MATERIAL SUPPLIED –
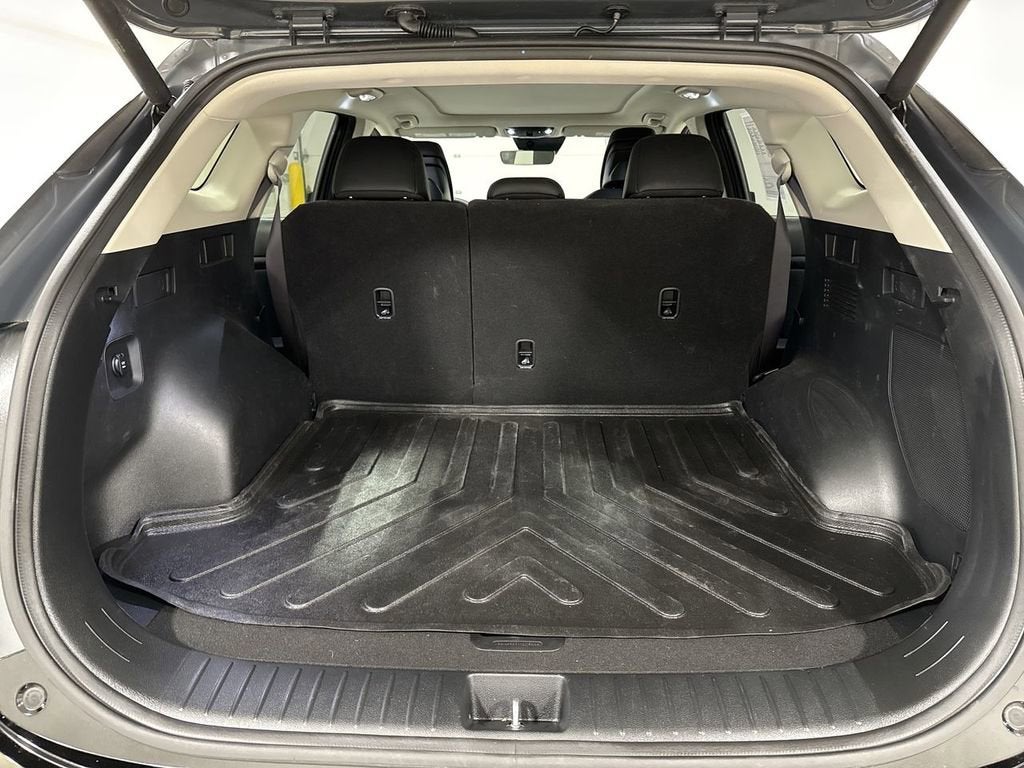 2024 Kia Sportage Hybrid SX-Prestige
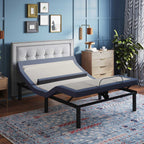 BT6500 Adjustable Bed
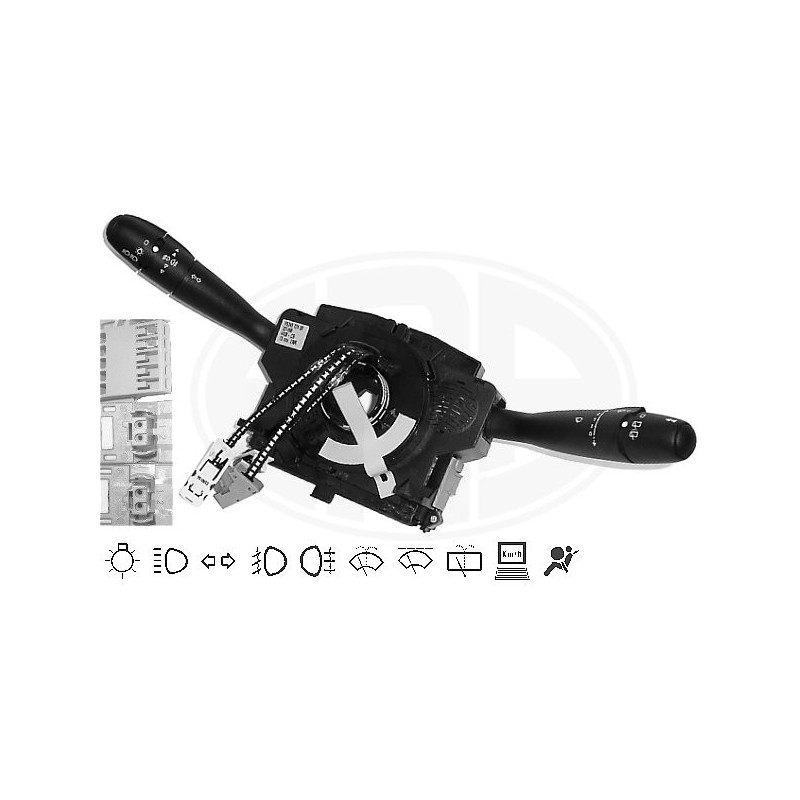 Commutateur de colonne de direction ERA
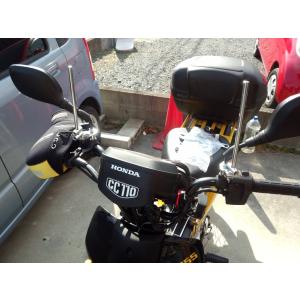 ホンダ スーパーカブ 50 110 クロスカブ JA10 適合 燃料ポンプ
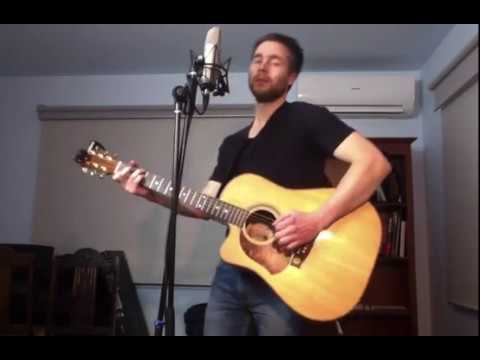 Hello Again Neil Diamond cover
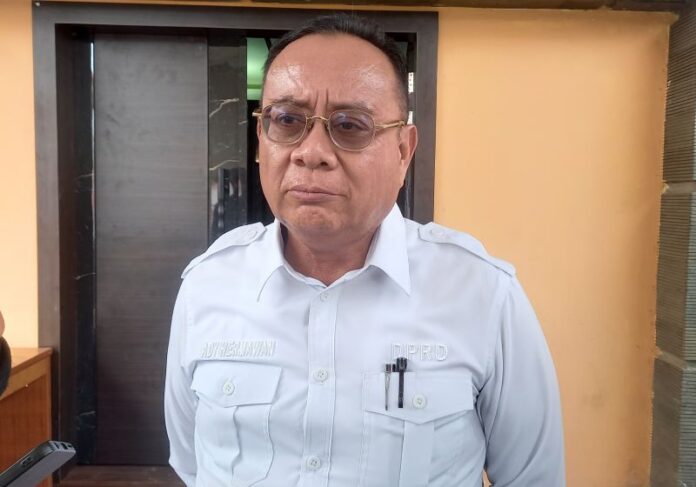 APBD Karimun 2026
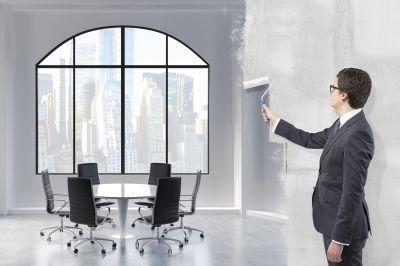 Why Professional Interior Painting Delivers Better Results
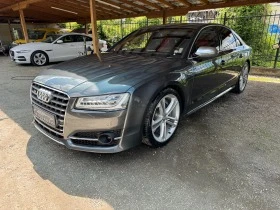 Audi S8 4, 0 TFSI, CERAMIC, CARBON, MATRIX, УНИКАТ - [5] 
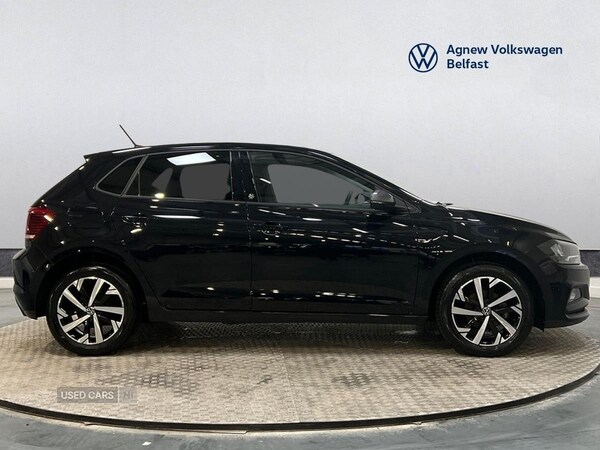 Used Volkswagen Polo 2021 for sale - 76240677: Photo 4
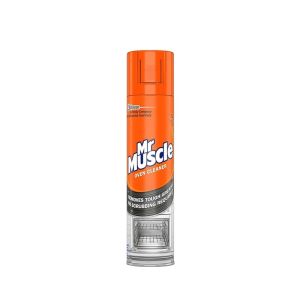 Mr Muscle Oven Cleaner 300ml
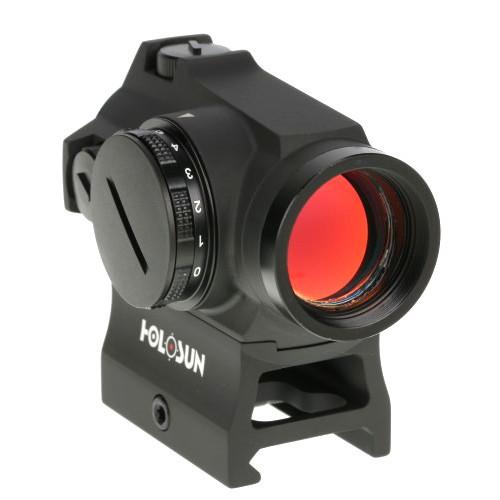 HOLOSUN HS403R 2 MOA Red Dot Night Vision Compatible Sight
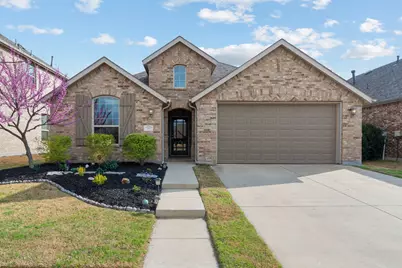 1821 Waxwing Trail, Argyle, TX 76226 - Photo 1
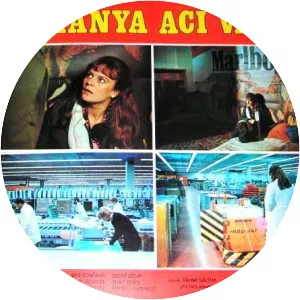 Almanya, Acı Vatan (Almanya Acı Vatan)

WHAT NEEDS TO BE DONE – Write out exactly the lines from the line containing "1821 Waxwing Trail, Argyle, TX" through the last line of the listing above, please, and leave out any pictures.

EXPECTED ANSWER –
 1821 Waxwing Trail, Argyle, TX 76226 - Photo 1
 Almanya, Acı Vatan (Almanya Acı Vatan)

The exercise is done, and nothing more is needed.